Buradasınız
“Neyin Yoksa Ondan Sakın Vazgeçme Oğlum”
Ezilenlerin safında mücadele eden, şiirlerini ve oyunlarını işçi sınıfına adayan Bertolt Brecht, “Yarının Büyüklerine Şiirler” kitabında, beşiğinin başucunda oğluna seslenen bir ananın ninnisine yer verir. Geçmişten bugüne ninniler, çocukların uykuya dalması veya ağlayan bir bebeğin dinginleşmesi için söylenir. Fakat bu ananın söylediği ninni farklıdır. Yavrusunu uyutmak değil, hayatın zorluklarına ve bunlar karşısında mücadeleye hazırlamak isteyen sözlerle bezelidir. “…Anan sana derken, oğlum, önünde seni bekleyen yaşam/ vebadan da beter olacak, kulak ver ananın bu sözüne/ ama ben seni taşımadım karnımda, oğlum,/ günün birinde sessizce bütün bunlara katlanasın diye.”

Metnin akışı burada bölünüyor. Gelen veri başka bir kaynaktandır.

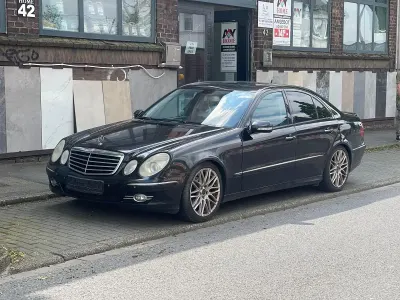 Gebraucht Mercedes E280 Avantgarde 190 PS (139 kW) 2006 Schwarz Limousine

Gerçekten de emekçi sınıfların oğulları, kızları için yaşam zorluklarla dolu, gelecek belirsizliklerle dolu ve kaygı verici. Kapitalist düzenin efendileriyse nedeni oldukları yoksulluğa, işsizliğe, felaketlere, savaşlara bile sessiz sedasız katlanmamızı isterler. Daha güzel bir yaşam istememizi ve o yaşam uğrunda mücadele etmemizi engellemeye çalışırlar. İşte bu nedenle Brecht’in dizelerinde ana oğluna şu öğüdü verir: “Neyin yoksa ondan sakın vazgeçme, oğlum, sana vermediklerini almaya bak kendin.”
Bir annenin evladına neyi varsa ona bencilce sahip çıkmasını değil, neyi yoksa ondan vazgeçmemesini öğütleyen bu sözleri derin bir mana taşır. Çünkü öyle bir sistemde yaşıyoruz ki bugün insanlığın büyük bir özveriyle ürettiği tüm zenginlik sadece bir avuç kapitalistin, patronun elinde toplanıyor. Üretim toplumun ihtiyaçları için değil kapitalistlerin sermayesi büyüsün diye yapılıyor. Toplumun çoğunluğunu oluşturan işçi sınıfı üretimin her aşamasında yer alıyor ama üretimde söz sahibi olamadığı gibi yarattığı zenginlikten pay alamıyor, en temel ihtiyaçlarını bile karşılayamıyor.
Şiirde annenin oğluna “neyin yoksa ondan sakın vazgeçme” dediği şey aslında bizden çalınan her şeydir. Elimizdeki telefonlardan, evimizdeki televizyonlara her yerde sermaye sınıfının sahip olduğu muazzam zenginliği izliyor, kendi ürettiklerimize yabancı gibi bakıyoruz. Sermaye sınıfı bolluğu gözümüze soka soka, yokluğu yaşamamızı emrediyor. Yağan yağmurun bereketi onlara, seli bize düşüyor. Şatafat içinde yaşıyor dünya nimetlerini bize yasak ediyorlar. Oysa sömürünün ortadan kalktığı, insanların eşitlik ve özgürlük içinde yaşadığı, insanlığın ortak çıkarlarını temel alan bir sistemde yaşıyor olsaydık farklı olurdu. Teknolojinin nimetlerinden tüm insanlık faydalanır, çalışmak için harcanan süre kısalır, yaşamaya, üretmeye, mutlu edecek faaliyetlere ayrılan süre uzar, hayatın güzelliklerinin tadına varmak için yaratılan olanaklar artardı. Böylece bir kere geldiğimiz bu dünyada yaşamın güzelliklerine hep beraber doymak bir hayal olmakla kalmazdı.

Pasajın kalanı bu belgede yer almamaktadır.